Contou-me ela em tempos -- nem sei porque me contava tanta coisa, devo dizer -- que uma vez tinha precisado do carro, que na ocasião o seu amigo padre tinha levado para junto da igreja onde ia dizer missa. Atrevida, entrou na igreja e foi postar-se de joelhos na teia, bem em frente do altar. Vira-se o pobre, que estava a celebrar o santo sacrifício da missa para a congregação e depara com ela ali, à sua frente, muito católica e perturbante. A Helena faz-lhe de maneira subtil o gesto de que precisava das chaves e ele, no meio do seu latinório e com a mão sagrada a sair da sua comprida opa, indica-lhe certeiramente que as chaves estão ao seu lado direito na sacristia, no bolso das calças. Não houve qualquer problema para a Helena em dar com elas e sair com o bólide.

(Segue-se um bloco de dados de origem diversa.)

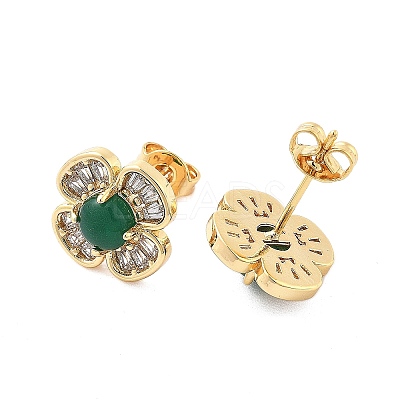Brass Micro Pave Clear Cubic Zirconia Stud Earrings EJEW-G415-02E-G-1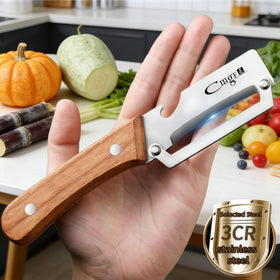 Tyheuca curved-blade peeler performing pumpkin peeling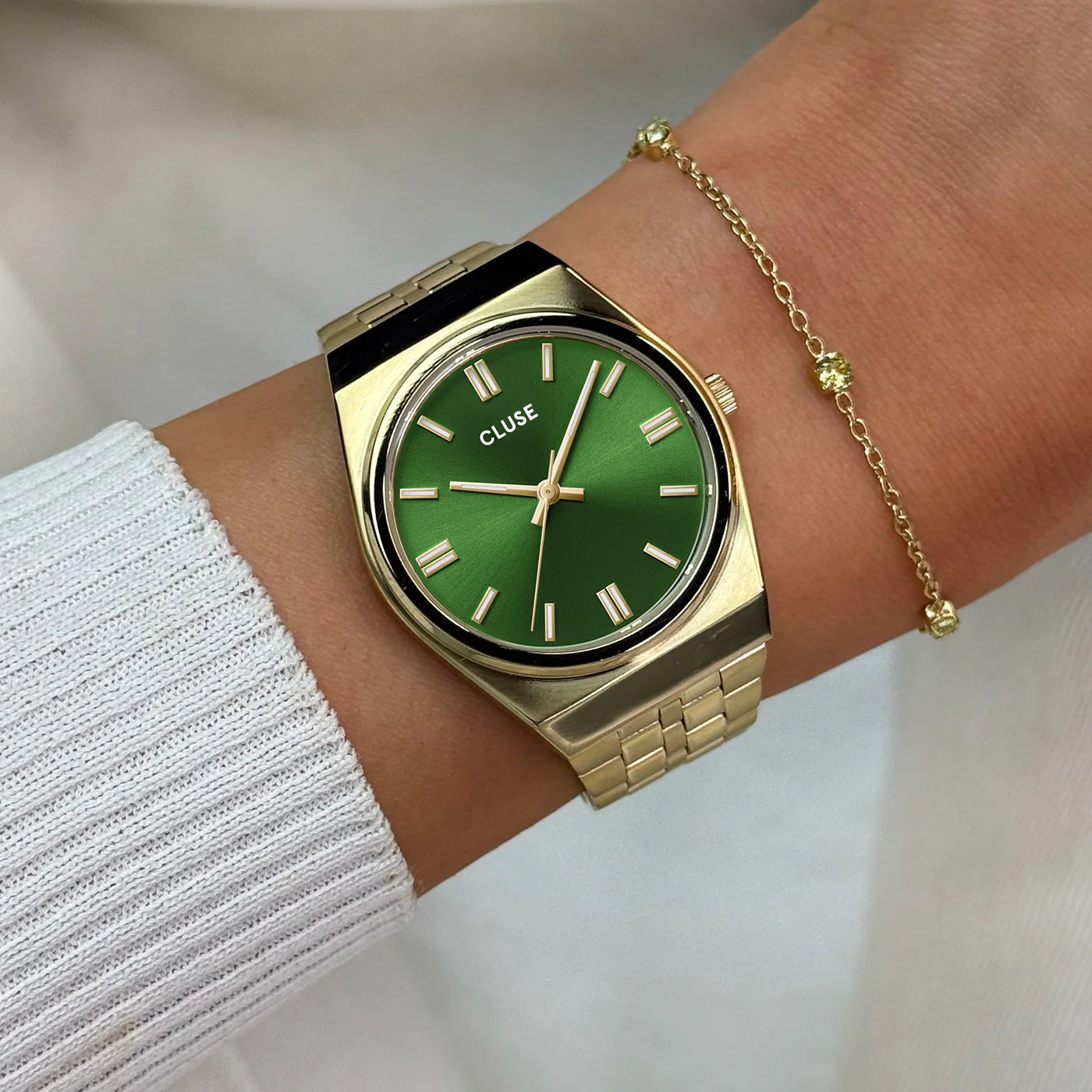 CLUSE Retro 70's Steel Gold Link/Forest Green
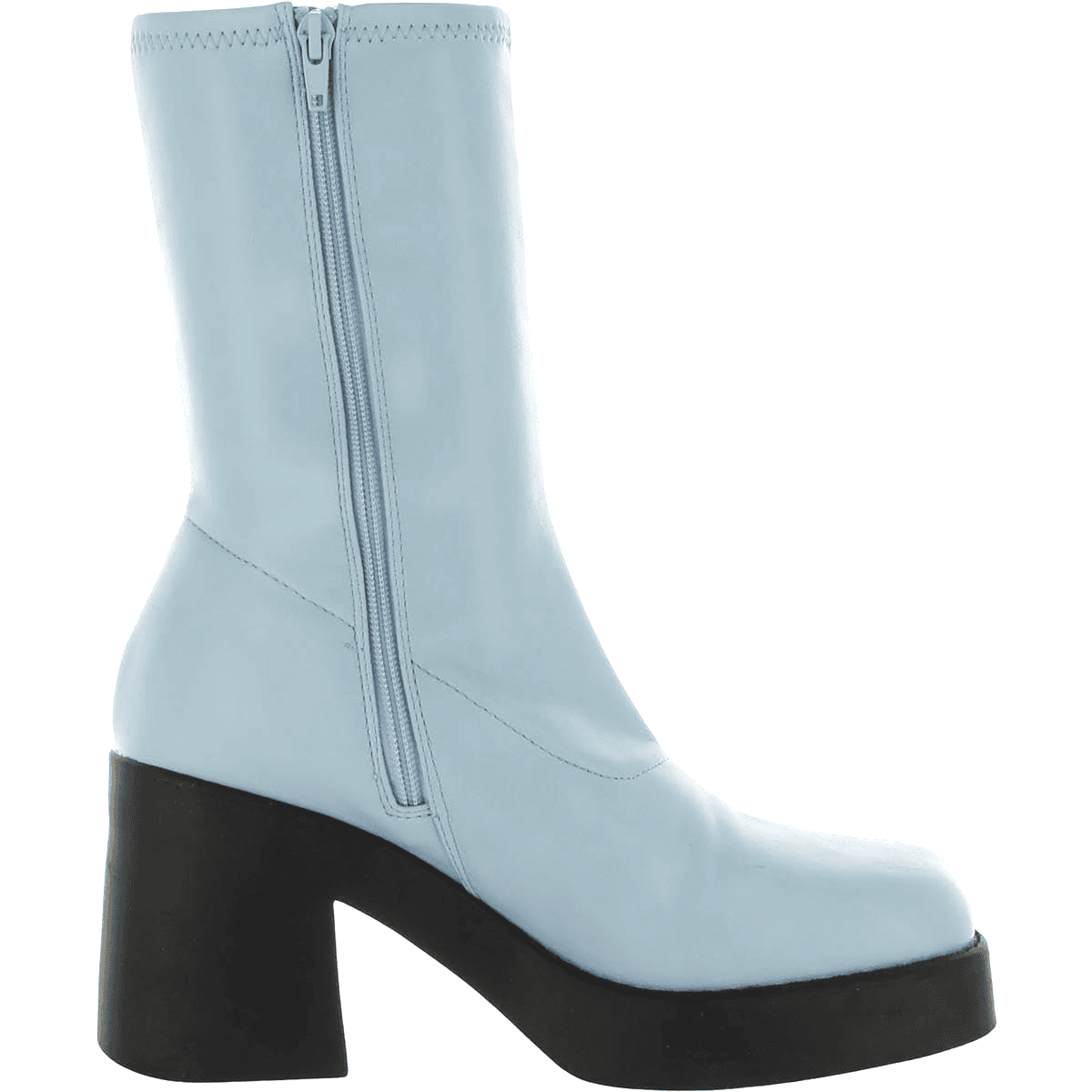 Steve Madden Klayton Platform Boot Women Size 8.5 Sky Blue Chunky Heel Retro 70s - Thumbnail 2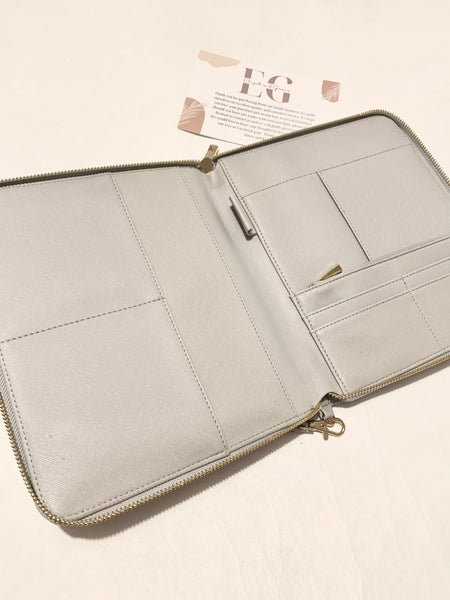 Grey Boutique PU Leather Travel Organiser Personalised With Family Name - Family Holiday Organisation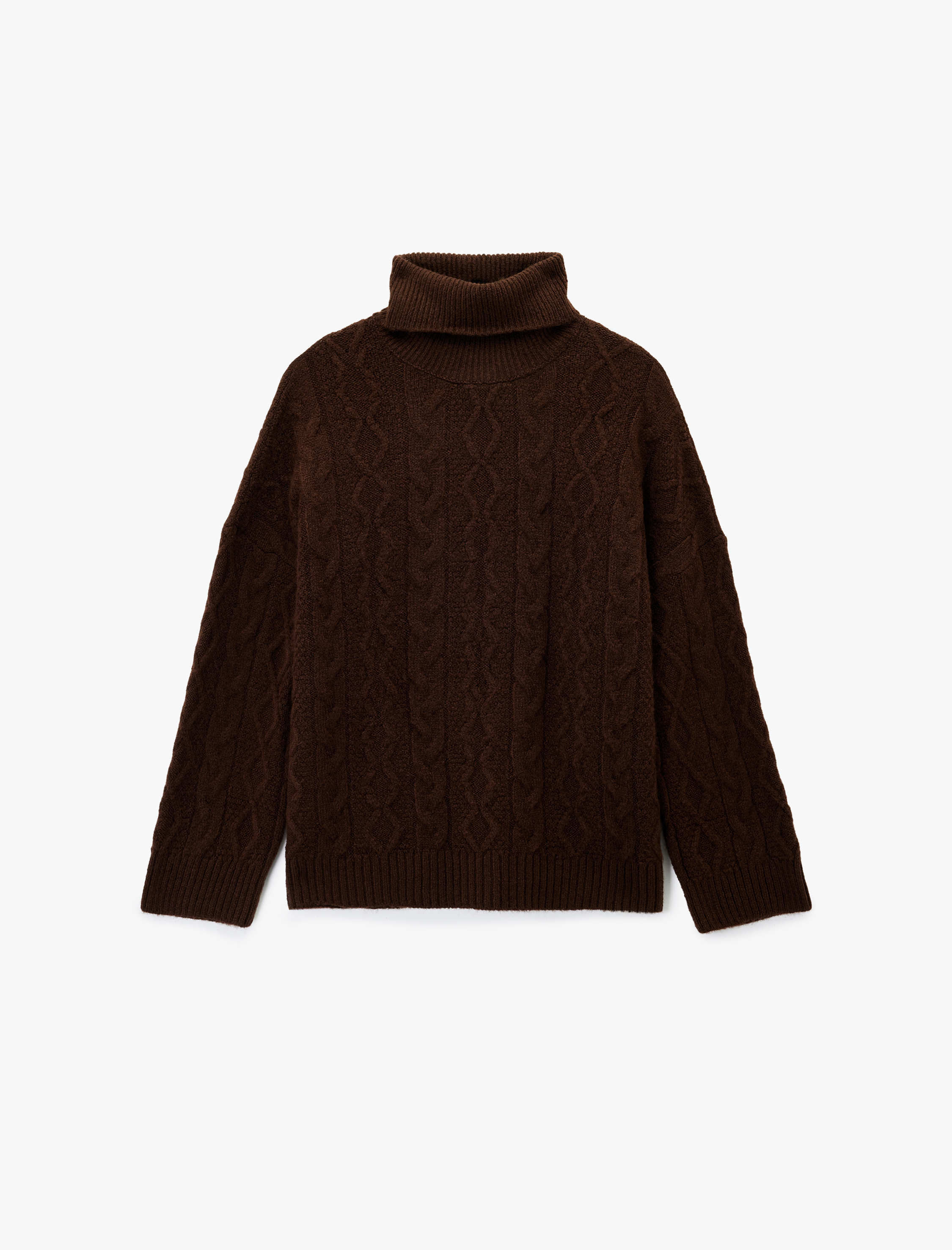   Koton X Sima Tarkan - Uzun Kollu Balıkçı Yaka Oversize Saç Örgü Kazak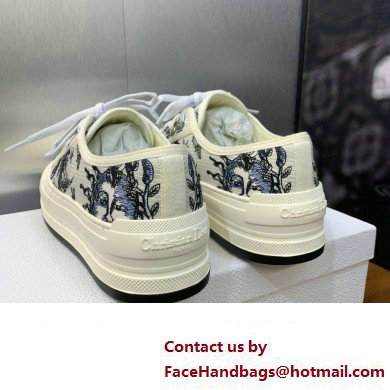 Dior Walk'n'Dior Platform Sneaker in White Cotton Embroidered with Blue Toile de Jouy Soleil Motif 2024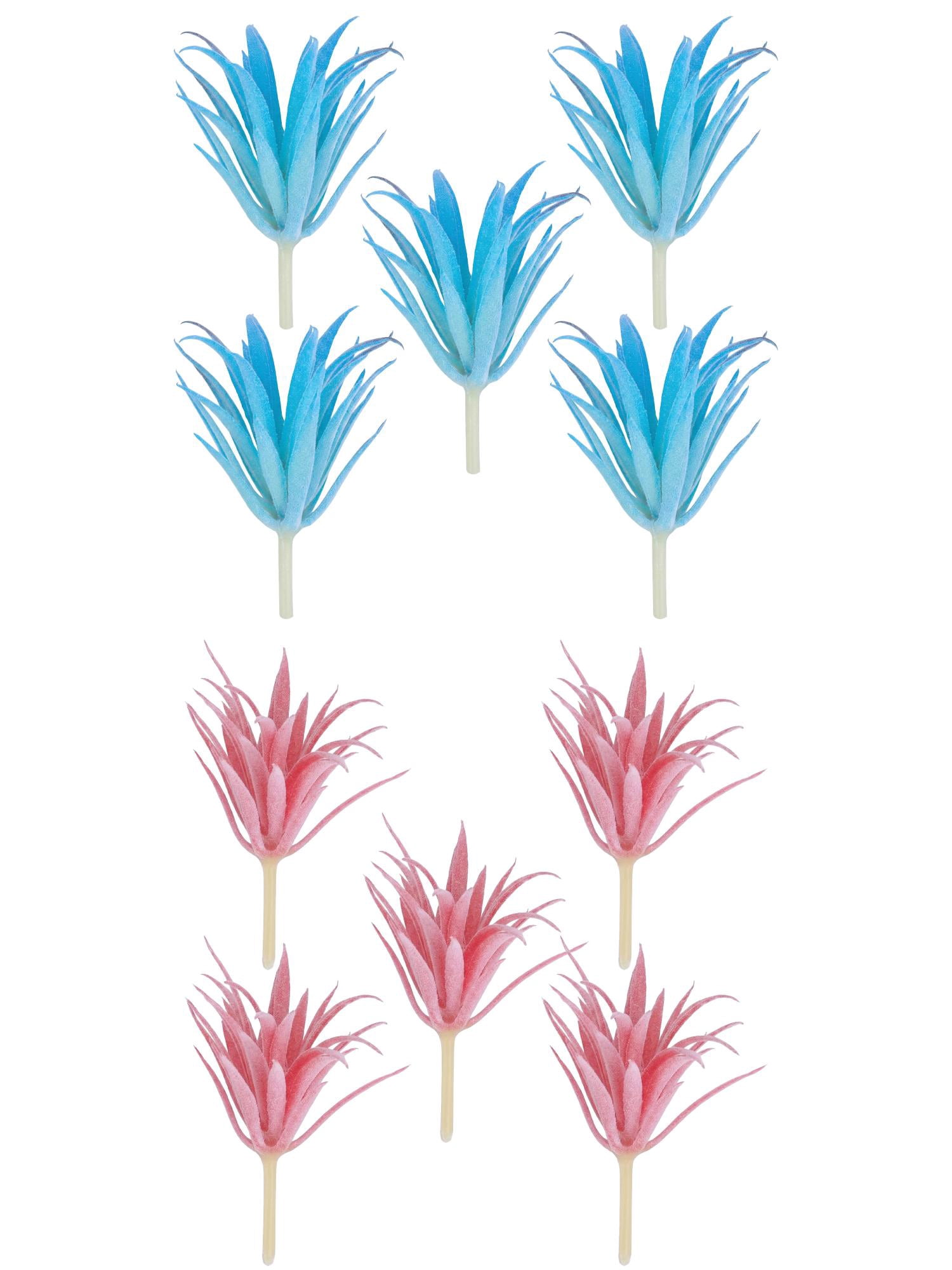 Unique Bargains 10Pcs Flocked Artificial Sword Grass 3.7" Deep Pink Blue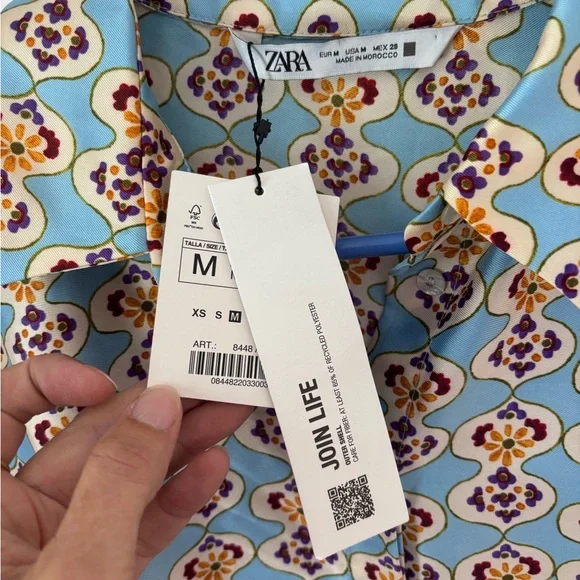 Women’s Zara Set NWT Geometric Print Blue /Purple Size Medium High Waist - Picture 5 of 16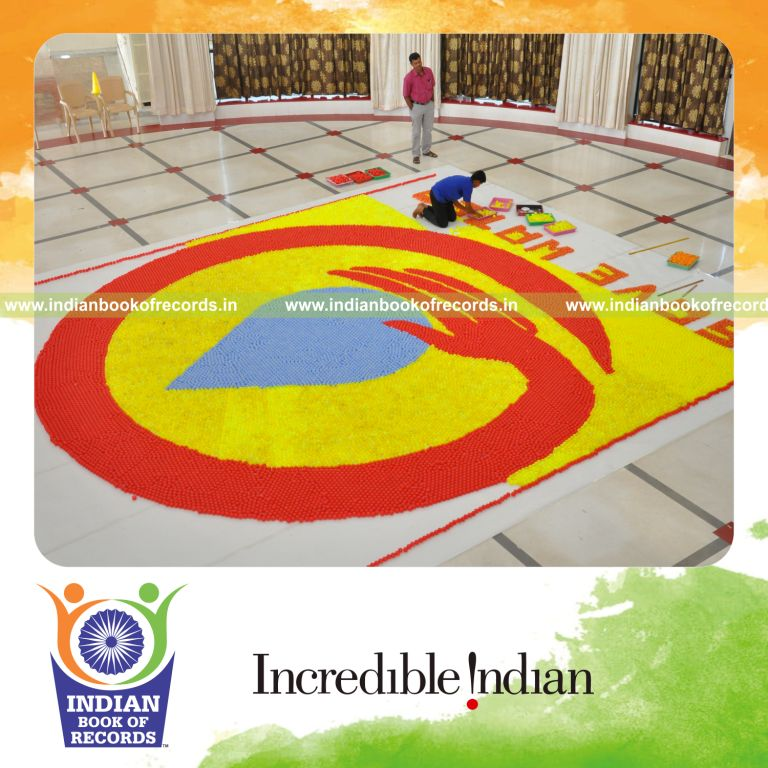 mosaic artwork made using plastic balls by minor male for Indian Book of Records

Dois anos depois, chegou-me outra notícia através do irmão. A Helena, que entretanto voltara para o seu santo e bronzeante Lobito, estava cá de novo. Veio para casar a filha mais velha, que, tal como a mãe, ia contrair matrimónio bastante nova: acabava de fazer dezanove anos. Era uma bonita rapariga, mais alta do que a mãe e de sorriso relativamente ingénuo. De corpo esbelto, era nadadora exímia e ginasta. A cerimónia do casamento foi perto de Ferreira do Zêzere, com toda a pompa que o acontecimento merecia. Para mim, porém, o acontecimento foi o celebrante. Com muita honra dos noivos e de todos os convidados, a missa, envolvendo todas aquelas lindas e sinceras palavras que são da praxe e ficam para todo o sempre na memória dos nubentes, foi celebrada pelo Reverendo Padre Capelão.
Nesta semana da Páscoa, lembrei-me de recordar esta pequena história. É melhor que Deus não decida vir tão cedo cá abaixo verificar como se comportam os seus ministros.